Lundi, des personnalités qui émanent de ce qu'on pourrait appeler la mouvance écolo-artistique - Pierre Curzi, Richard Desjardins -, publiaient Pour sortir de la dépendance au pétrole. Sur la planète Québec, ce genre de discours risque d'avoir de l'influence. Il suffit de voir l'enthousiasme complaisant avec lequel Le Devoir en a parlé.

On peut certainement avoir un débat sur le risque que représente l'exploitation éventuelle de nos ressources pétrolières, dont on ne connaît pas pour l'instant le potentiel, et se demander si les bénéfices que cela procurerait sont suffisants pour que le jeu en vaille la chandelle. Mais ce débat tournera à vide si on sombre dans la caricature, comme dans ce manifeste où l'on trouve au moins trois non-sens économiques.

Le premier consiste à douter qu'une éventuelle production pétrolière réduise nos importations de pétrole. «Il est cependant irresponsable d'affirmer, car il n'y a aucune preuve ni garantie, que l'exploitation en sol québécois réduira durablement et significativement ce déficit commercial.» On ne devrait pas à avoir à prouver des évidences. Chaque baril de pétrole produit au Québec réduira le déficit commercial d'autant. L'ampleur de la réduction du déficit commercial dépendra essentiellement de l'importance de cette production.
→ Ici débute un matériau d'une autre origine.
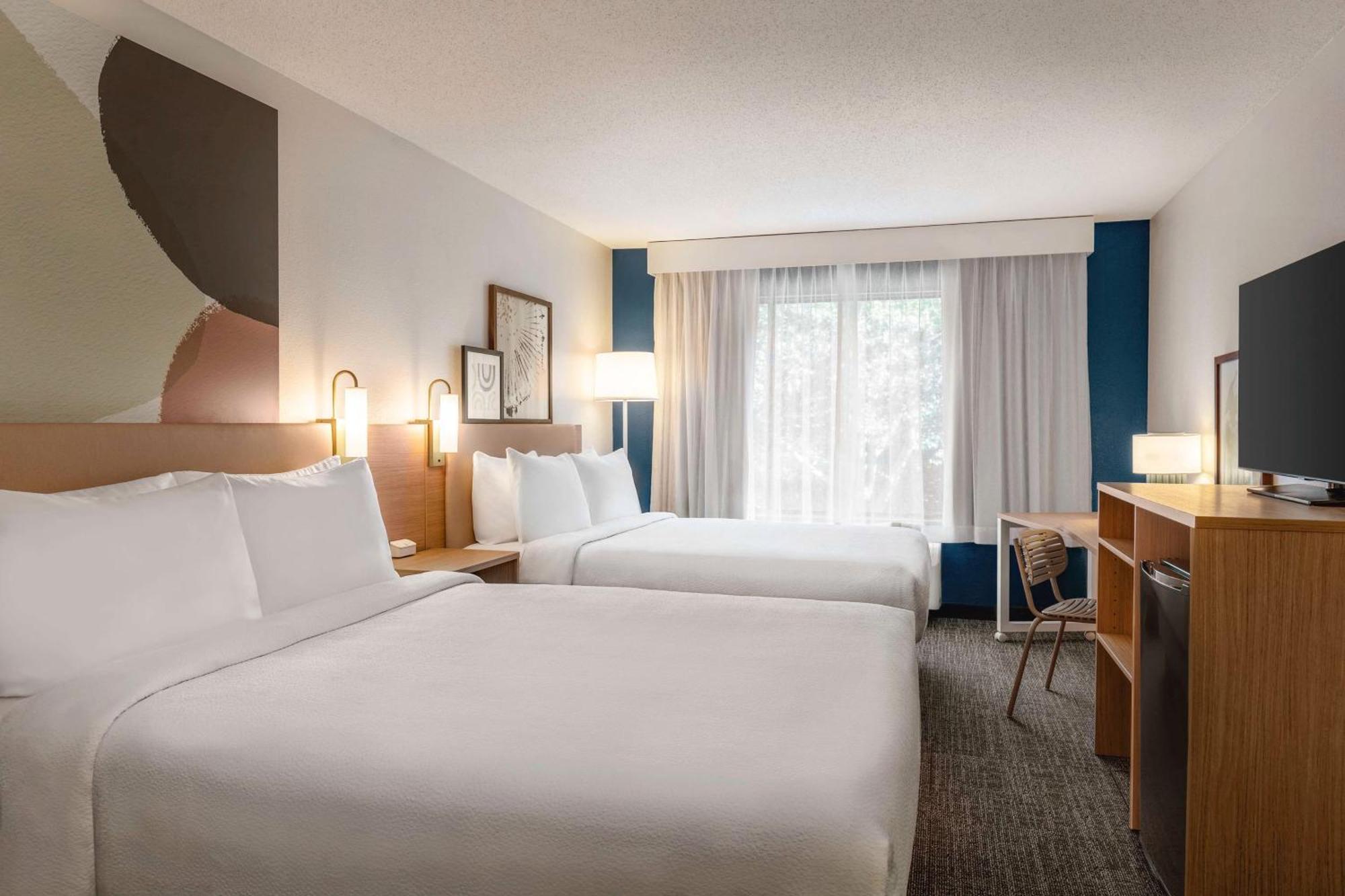 Spark By Hilton Mystic Groton Εξωτερικό φωτογραφία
Le second porte sur la crainte que la production pétrolière compromette nos efforts pour réduire notre dépendance au pétrole. Mais pourquoi en serait-il ainsi? Les Québécois voudront-ils brûler plus d'essence parce qu'elle vient de chez nous? Cette crainte vient peut-être du fait qu'on plaque inconsciemment au pétrole le modèle hydroélectrique où, parce que c'est notre électricité, on la vend au rabais et on encourage la surconsommation.
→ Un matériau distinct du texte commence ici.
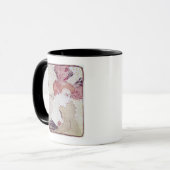 Mug Portrait de Henri De Toulouse-Lautrec | de (Devant gauche)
Mais l'argument le plus étrange, c'est de douter que cette production puisse procurer des bénéfices économiques, notamment parce que «les entreprises privées détiennent l'essentiel des droits d'exploitation», en faisant référence au cas norvégien. Pourquoi aller si loin? On peut regarder juste à côté, à Terre-Neuve, même si ça fait moins chic, où l'exploitation du pétrole a eu un impact majeur et déclenché une véritable révolution.

En 1997, Terre-Neuve était la province la plus pauvre du Canada. En 2012, à 64 188$, le PIB par habitant de Terre-Neuve était le troisième au Canada, après ceux de l'Alberta et de la Saskatchewan. Il dépasse de 45% celui du Québec, qui est de 44 267$. Bien sûr, ces chiffres sont gonflés par une production pétrolière qui ne profite pas entièrement aux Terre-Neuviens.

Mais le boom pétrolier a aussi un impact concret sur les revenus. En 2002, le revenu disponible des ménages de Terre-Neuve était de 9% inférieur à celui du Québec. En 2012, avec 30 641$, il dépassait de 15,6% les 26 347$ des Québécois.

En 2002, la rémunération hebdomadaire moyenne terre-neuvienne, à 592,22$, était de 5% inférieure aux 622,87$ québécois. Maintenant, les Terre-Neuviens nous dépassent de 12,8%, 927,47$ contre 822,68$.

L'impact a aussi été majeur pour les finances publiques. En 2003, les revenus budgétaires de Terre-Neuve étaient de 4,2 milliards. En 2012, ils atteignaient 8,1 milliards, grâce à des redevances pétrolières de 2,8 milliards. Le budget de la province a doublé en dix ans, une croissance deux fois plus importante que celle du Québec.

Ça ne fait pas de Terre-Neuve un modèle. La manne pétrolière n'a pas profité pas à tout le monde, elle n'a pas tout réglé, loin de là, mais elle a eu un impact significatif sur la croissance, l'emploi, les salaires, les ressources collectives. Le Québec est-il sur une autre planète où ces impacts ne se manifesteraient pas?